EU General Data Protection Regulation a Step Closer

  • EU Data Protection Law Reform.
  • The General Data Protection Regulations (GDPR) to replace Data Protection Directive
  • GDPR expected to come in to force from 2018.
  • Increased Penalties & Requirements.

Original Author: Assent Risk Management

Original Links:


European Data Protection Law Reform

Reform of European Data Protection Laws came a step closer in December 2015 when final text for the General Data Protection Regulations (GDPR) was agreed.

The GDPR is intended to replace the Data Protection Directive which was incorporated in to UK Law as the Data Protection Act 1998.

The new European Regulations are expected to come in to force in 2018 and will unify Data Protection across the 28 member states, replacing domestic legislation enacted by individual member states to implement the original directive.

What’s New

It’s reported that the new General Data Protection Regulations will increase the penalties for companies who don’t comply to €20m or 4% of annual worldwide turnover for groups of companies, whichever is greater.

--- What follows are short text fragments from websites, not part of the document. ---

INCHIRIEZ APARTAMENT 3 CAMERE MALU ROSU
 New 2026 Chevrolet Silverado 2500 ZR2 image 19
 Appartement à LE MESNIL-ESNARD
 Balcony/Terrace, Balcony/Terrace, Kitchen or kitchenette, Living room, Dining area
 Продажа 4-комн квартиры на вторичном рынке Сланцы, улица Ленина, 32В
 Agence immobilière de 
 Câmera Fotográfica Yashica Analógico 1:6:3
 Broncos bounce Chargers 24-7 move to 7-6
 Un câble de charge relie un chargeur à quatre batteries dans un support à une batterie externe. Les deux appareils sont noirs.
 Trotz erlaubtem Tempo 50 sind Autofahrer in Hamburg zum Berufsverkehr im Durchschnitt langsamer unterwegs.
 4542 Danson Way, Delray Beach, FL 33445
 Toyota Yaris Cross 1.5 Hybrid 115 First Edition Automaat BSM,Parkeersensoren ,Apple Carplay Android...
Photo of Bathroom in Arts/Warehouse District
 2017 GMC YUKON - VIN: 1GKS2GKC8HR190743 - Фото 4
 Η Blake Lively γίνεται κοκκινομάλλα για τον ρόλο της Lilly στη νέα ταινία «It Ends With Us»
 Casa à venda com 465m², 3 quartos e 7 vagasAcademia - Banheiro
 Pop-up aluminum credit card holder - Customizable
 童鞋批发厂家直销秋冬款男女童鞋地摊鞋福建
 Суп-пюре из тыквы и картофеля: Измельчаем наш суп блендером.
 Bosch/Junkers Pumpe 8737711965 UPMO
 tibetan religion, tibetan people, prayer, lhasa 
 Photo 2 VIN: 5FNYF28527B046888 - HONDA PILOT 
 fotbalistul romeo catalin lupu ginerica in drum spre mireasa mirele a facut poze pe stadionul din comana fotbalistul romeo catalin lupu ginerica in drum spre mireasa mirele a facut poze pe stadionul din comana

The requirements are also expected to focus on “Monitoring Behaviour” where companies, technology and services track users’ online activities. This will particualy affect cloud based services which makes for an interesting political situation with the America following the recent judgement that invalidated the SafeHarbour Agreement between the EU and USA.

A ‘Right to be Forgotten’ is also reported to form part of the regulations, a subject that has been widely debated in recent times.